Evidence and Fingerprint Articles

I have a few articles I want to link to.

In keeping with my ongoing obsession with evidence storage, the first is to a Newark Star-Ledger article by Guy Sterling and Rick Hepp titled, N.J.’s lack of rules for storing forensic evidence hinders convicts. It begins:  

“In 1991, two years after the first DNA exoneration of a jailed criminal in the United States, Jim McCloskey visited a prosecutor he knew in Philadelphia to talk about a convicted murderer and rapist he believed had been wrongly imprisoned for a quarter-century. The prosecutor agreed to have the evidence checked but called back in a few weeks with disheartening news.

‘A month before I came into the case and 27 years after the crime, the evidence custodian had petitioned the district attorney to destroy the evidence in 100 old cases, including our guy’s,’ said McCloskey, whose Centurion Ministries program in Princeton has worked to free 43 prisoners over the years.”

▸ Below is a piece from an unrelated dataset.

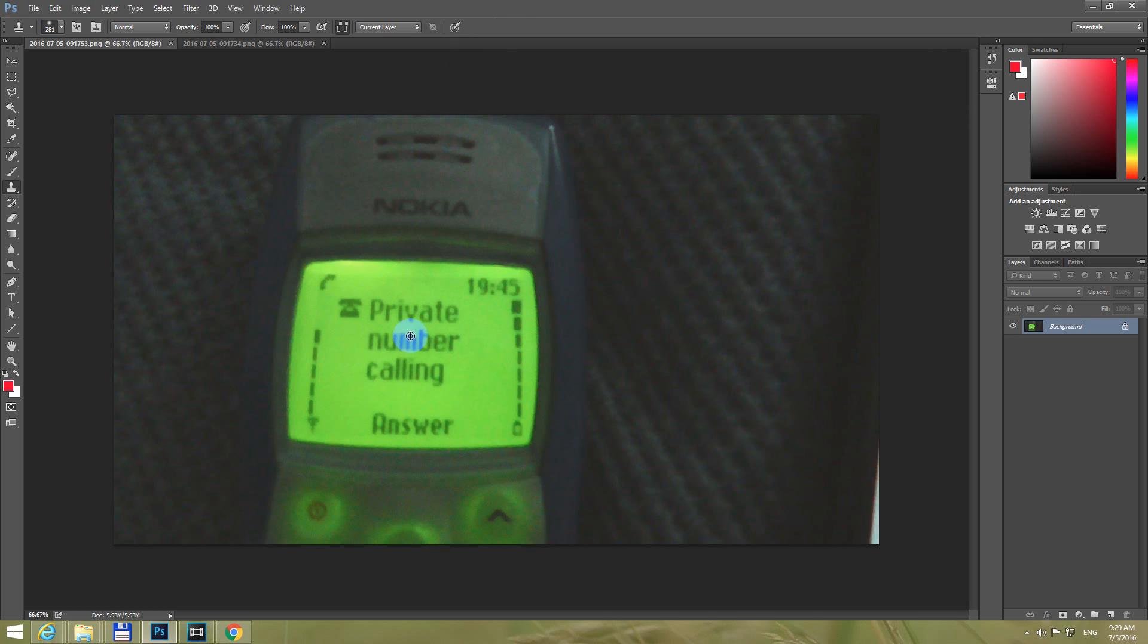And let's select a zone from which I want to copy. Left click the mouse here using the ALT key held down.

The second is a Los Angeles Times article by Joel Rubin and Richard Winton about the LAPD’s fingerprint unit.  Follow-up article is here. Since fingerprints seem to be used more than DNA as evidence, I continue to be concerned about the lack of statistical evaluation, and oversight about fingerprint analysis and analyzers. From the Wikipedia entry about fingerprints:

The few tests of validity of forensic fingerprinting have not been supportive of the method:

Despite the absence of objective standards, scientific validation, and adequate statistical studies, a natural question to ask is how well fingerprint examiners actually perform. Proficiency tests do not validate a procedure per se, but they can provide some insight into error rates. In 1995, the Collaborative Testing Service (CTS) administered a proficiency test that, for the first time, was “designed, assembled, and reviewed” by the International Association for Identification (IAI).The results were disappointing. Four suspect cards with prints of all ten fingers were provided together with seven latents. Of 156 people taking the test, only 68 (44%) correctly classified all seven latents. Overall, the tests contained a total of 48 incorrect identifications. David Grieve, the editor of the Journal of Forensic Identification, describes the reaction of the forensic community to the results of the CTS test as ranging from “shock to disbelief,” and added:

Errors of this magnitude within a discipline singularly admired and respected for its touted absolute certainty as an identification process have produced chilling and mind- numbing realities. Thirty-four participants, an incredible 22% of those involved, substituted presumed but false certainty for truth. By any measure, this represents a profile of practice that is unacceptable and thus demands positive action by the entire community.

What is striking about these comments is that they do not come from a critic of the fingerprint community, but from the editor of one of its premier publications.